Banks manages to create a space opera without having much space travel in this grim tale. It's the sort of thing that my brain says shouldn't work and yet it very obviously does. The story weaves action and adventure together with dark personal history and familial politics to create a lush web.
Sharrow, our main character on this strange ride, is fleshed out in painstaking detail through the novel. Her past informs her present and Banks delivers bits and pieces of her history carefully, doling them out like rewards. At times the information is a little too perfectly placed: finding out something crucial JUST BEFORE it becomes important and that can telegraph a punch, but for the most part Banks balances the entire affair well.
Sharrow's partners are also well drawn, giving Banks a deep well of character to pull from both for history building moments and current interactions. Together he delivers a team that finds itself hunting artifacts so that Sharrow herself can survive.

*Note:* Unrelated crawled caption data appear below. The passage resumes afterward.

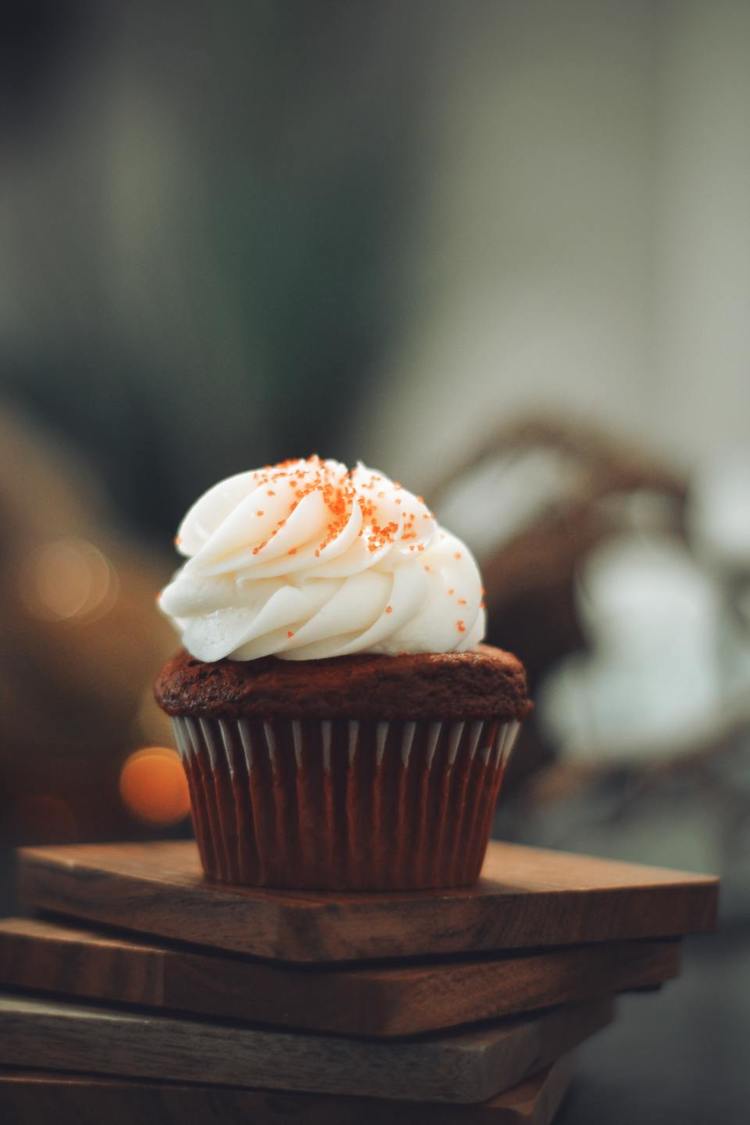 Cupcakes with Whipped Cream and Orange Zest Recipe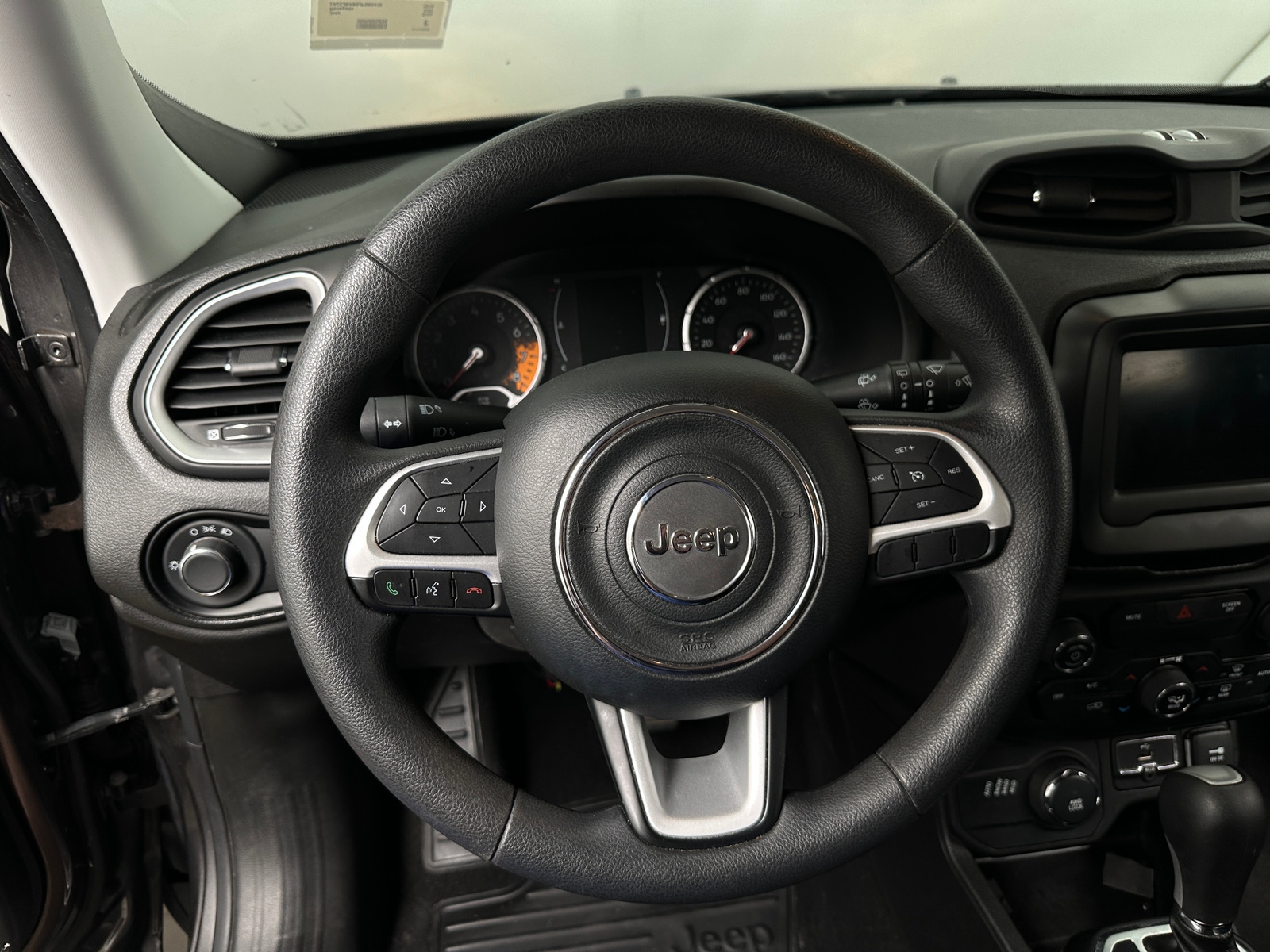 Thumbnail: 2018 Jeep Renegade - 5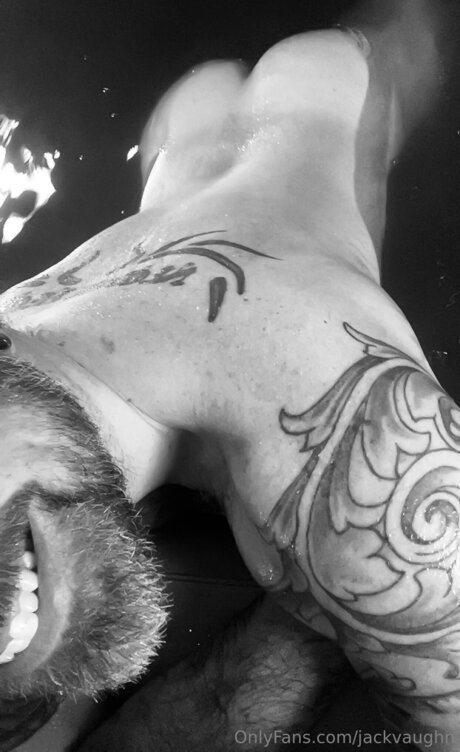 Jackvaughn star du porno gratuite photo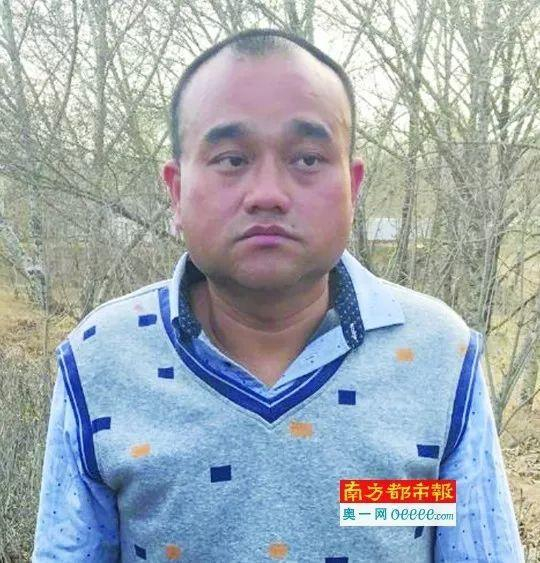 谭秦东医生昨日被释放后。网络图片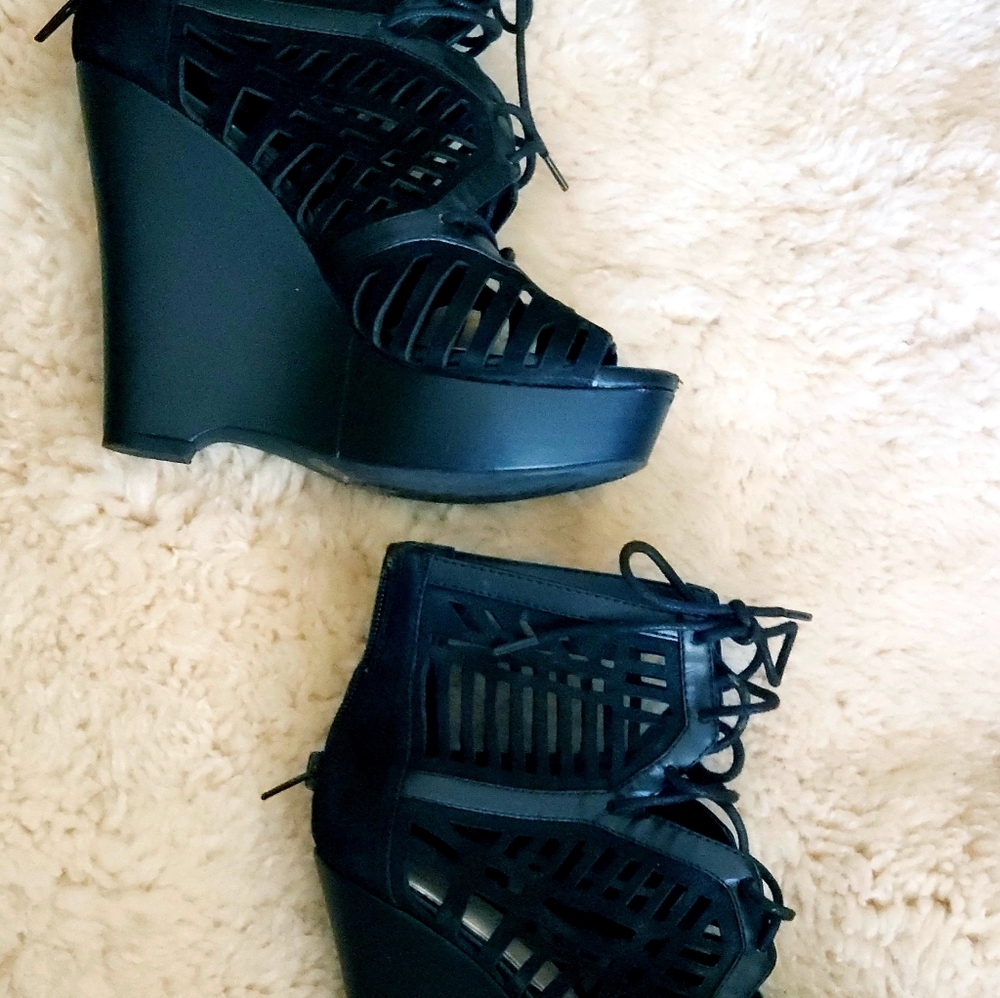 Gianni Bini Black wedge lace up platform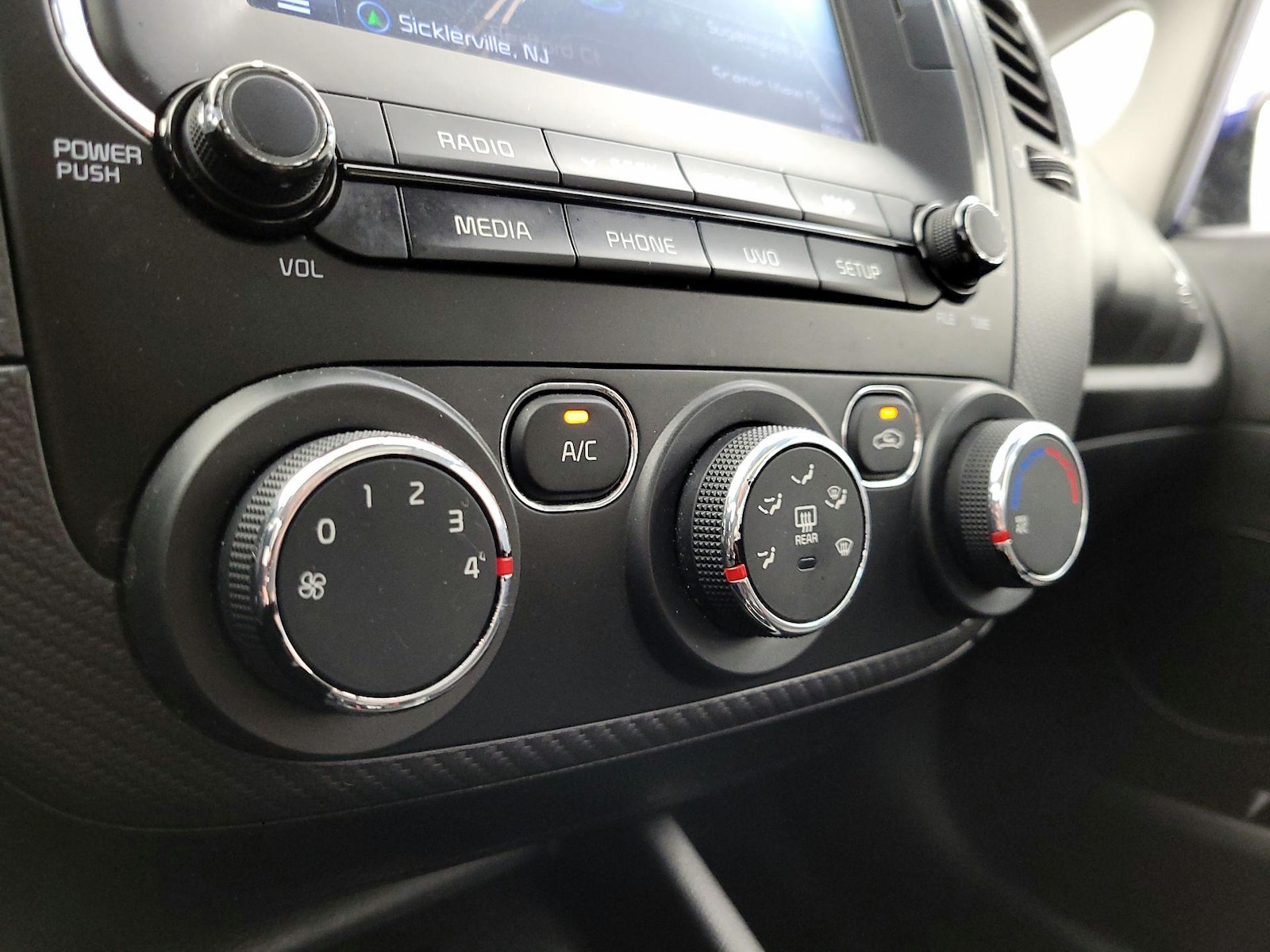 2017 Kia Forte S - Photo 18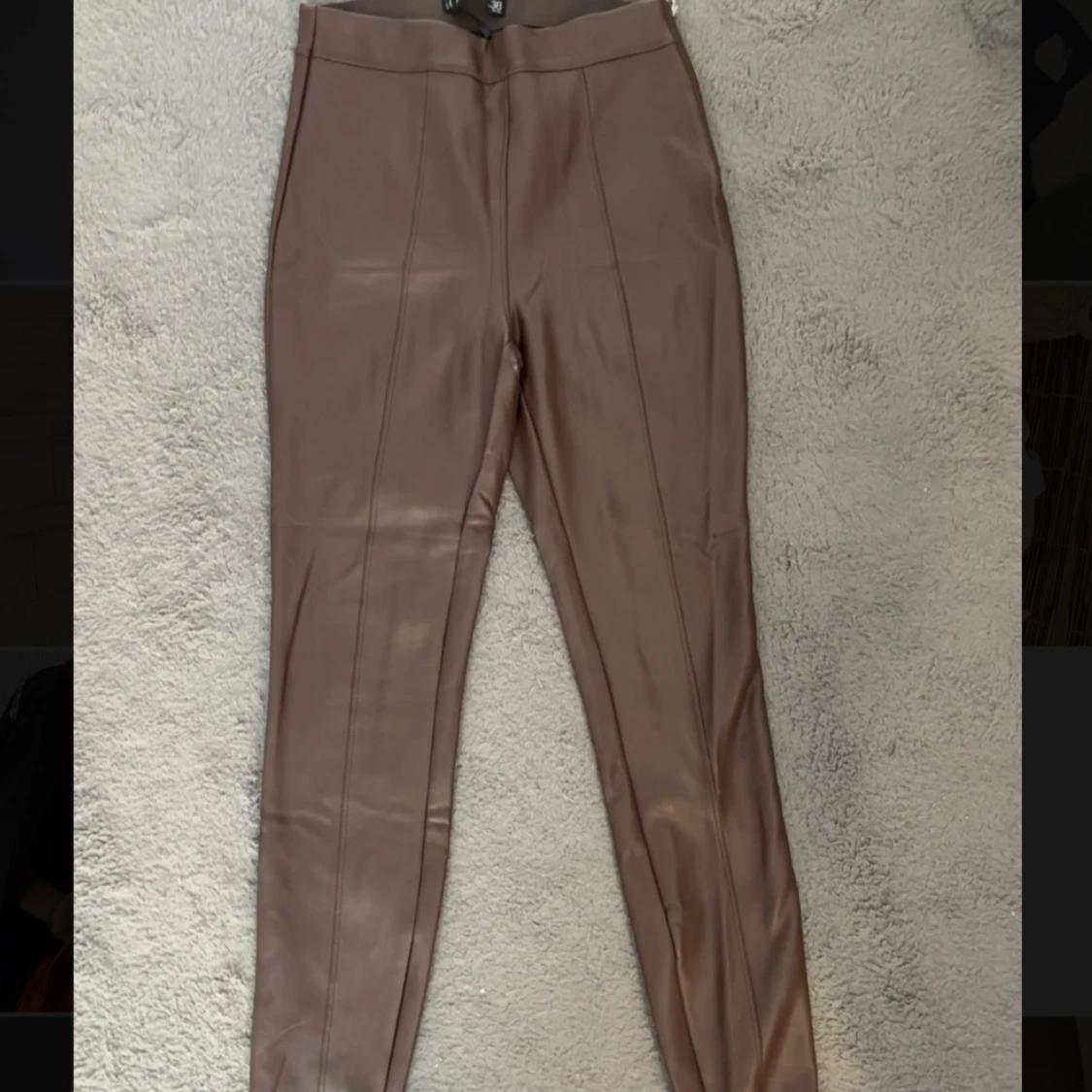 jeans, cargobyxor, kostym byxor, skinnbyxor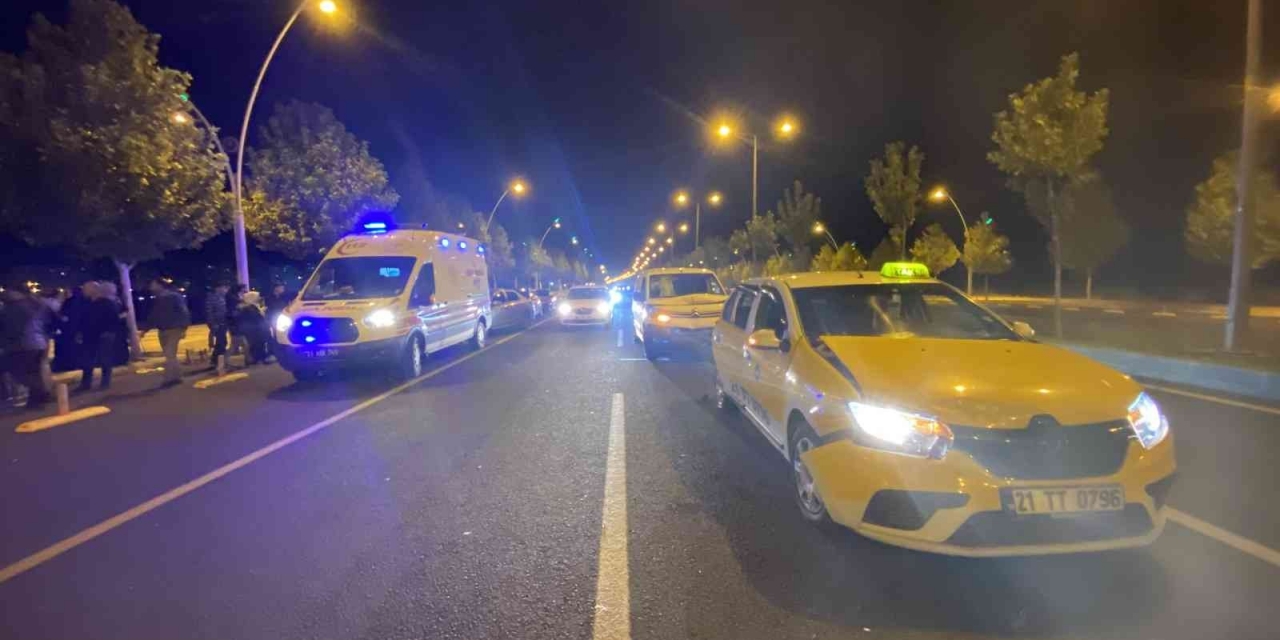 Diyarbakır’da 3 Aracın Karıştığı Kazada 5 Kişi Yaralandı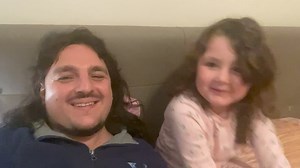 Amore! Torni a casa, e trovi la tua piccola pronta per la poesia più bella. Quella per la Festa del Papà. Sei stata bravissima, mio dolce tesoro. Un abbraccio forte a tutti i papà, ed a tutti i figli. Ti amo, Anna. | Josi Gerardo Della Ragione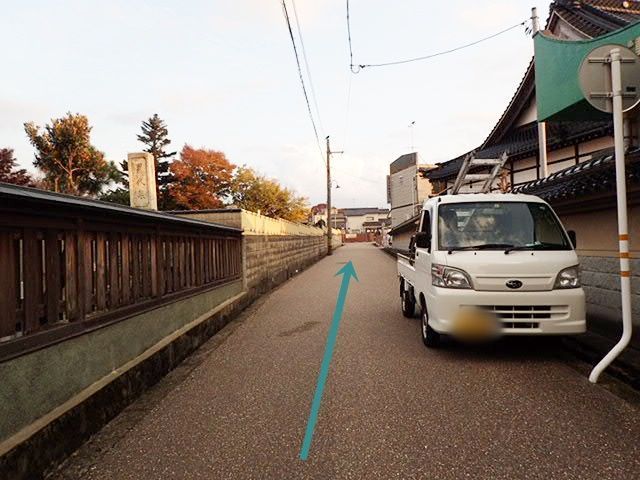 【道順5】直進してください。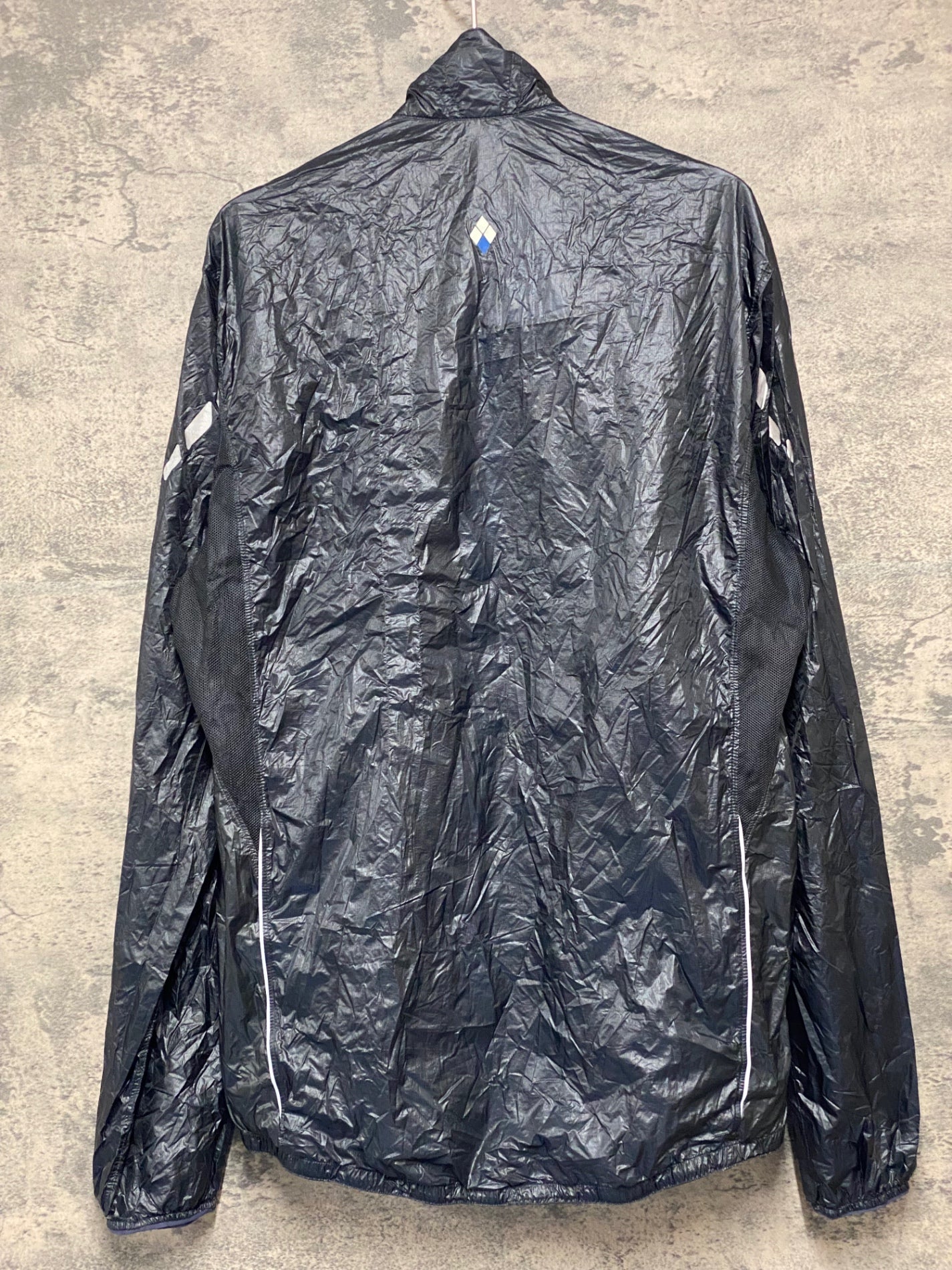 JB483 モンベル mont-bell 長袖 ウィンドブレーカー 黒 L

Sometimes it is that simple. It's the sort of deceptively simple plot that a good writer can work wonders with, because they aren't weighed down by the constant machinations of needing to twist and turn, so they can create and fill-in the world they play with. It's what Banks manages to do here.
Because really that's all the plot is: Sharrow and her team need to find an artifact before a religious group kills her. Clean and simple and, thankfully, it turns out to be anything but clean and simple in execution. The complexity all arrives from what feel like natural happenstance, and that saves this novel as things progress. Because sometimes, let's face it, everyone runs into the D&D plot syndrome. Everyone meets in a bar and has to go complete a mission and... yeah. Banks avoids it all with a deft flair.
His sense of humor also lets the reader breathe, which is crucial in this one, as the story itself is dark. The title is more than a nice phrase it is something of a warning. A very dark background indeed.
Still, the book is far from perfect. At times the world building can feel oppressive as Banks has a lot of information to impart here. Also, frankly, Sharrow and company, oddly enough, can feel almost too close to one another despite how well drawn they are. It's frustrating.